Everything to Know About Comparison Rates


Have you found yourself wondering why Aussie lenders show you an interest rate as well as a comparison rate? We’ll explain what comparison rates are and how you should factor them in when deciding which home loan or lender to go with.

What are comparison rates and how are they different from interest rates?

When you’re shopping around for a home loan, think of a comparison rate as a guide for the true cost of your loan.

Interest rates will tell you how much interest you’ll pay with a loan but won’t take into account additional fees and charges. Comparison rates help you calculate the true cost of your home loan by combining the interest rate on your loan, plus certain fees and charges you can expect to pay.

How are comparison rates calculated?

Comparison rates are designed to help borrowers compare the cost of different loans and make an informed choice. For consistency, the law requires home lenders to calculate their comparison rates in the exact same way. Unless you are seeing a personalised comparison rate, the comparison rates are based on a $150K home loan over a period of 2 years

A comparison rate will also include:

  • Upfront costs charged by the lender like application fees
  • Ongoing fees that will be incurred during the 25-year term, like monthly service fees
  • Any revert rates. A revert rate is the interest rate applicable to the loan after the end of any honeymoon rate, interest only or fixed rate period.

While comparison rates can be useful, there are some caveats to consider. Unless you have a very healthy deposit, most buyers will take out a loan that is much larger than $150K and it can be for a period shorter or longer than 25 years. As well as this, there are a few factors that a comparison rate doesn’t include as we discuss below. Use the comparison rate as a guideline, but make sure it’s not the only thing you’re taking into account when choosing a home loan.

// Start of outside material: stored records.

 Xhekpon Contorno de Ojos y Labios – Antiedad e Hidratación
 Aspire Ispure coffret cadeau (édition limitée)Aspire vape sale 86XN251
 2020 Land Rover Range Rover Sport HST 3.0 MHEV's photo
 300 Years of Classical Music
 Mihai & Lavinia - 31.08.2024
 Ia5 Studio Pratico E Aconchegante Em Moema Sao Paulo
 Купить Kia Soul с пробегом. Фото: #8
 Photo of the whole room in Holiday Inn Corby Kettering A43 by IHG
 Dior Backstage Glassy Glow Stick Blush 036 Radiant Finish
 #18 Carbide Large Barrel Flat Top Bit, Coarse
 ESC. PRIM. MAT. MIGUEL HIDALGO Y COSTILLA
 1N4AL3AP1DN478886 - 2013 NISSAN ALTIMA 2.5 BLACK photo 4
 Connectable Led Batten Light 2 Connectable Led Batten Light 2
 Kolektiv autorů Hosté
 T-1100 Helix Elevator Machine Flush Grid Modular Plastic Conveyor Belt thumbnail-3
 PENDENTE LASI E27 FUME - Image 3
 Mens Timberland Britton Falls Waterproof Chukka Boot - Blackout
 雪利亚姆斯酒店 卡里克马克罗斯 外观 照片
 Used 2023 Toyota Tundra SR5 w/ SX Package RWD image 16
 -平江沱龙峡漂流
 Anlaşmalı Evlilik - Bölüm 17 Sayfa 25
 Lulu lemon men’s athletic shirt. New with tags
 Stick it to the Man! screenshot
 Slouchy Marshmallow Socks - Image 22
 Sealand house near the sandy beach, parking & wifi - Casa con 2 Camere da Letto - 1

What a comparison rate doesn’t include:

Comparison rates don’t take everything into account. The cost of your loan could be influenced by fees and costs that aren’t included in the comparison rate. A comparison rate won’t include:

  • non-standard fees charged by banks like early repayment and redraw fees
  • certain benefits like offset accounts or fee waivers that may make a big difference to your loan.

Comparison rates can reveal a lot about what to expect from your home loan, but they don’t always give you the whole picture. Use them as a guide, but factor in your own personal circumstances, budget and ambition when deciding where you borrow your money from.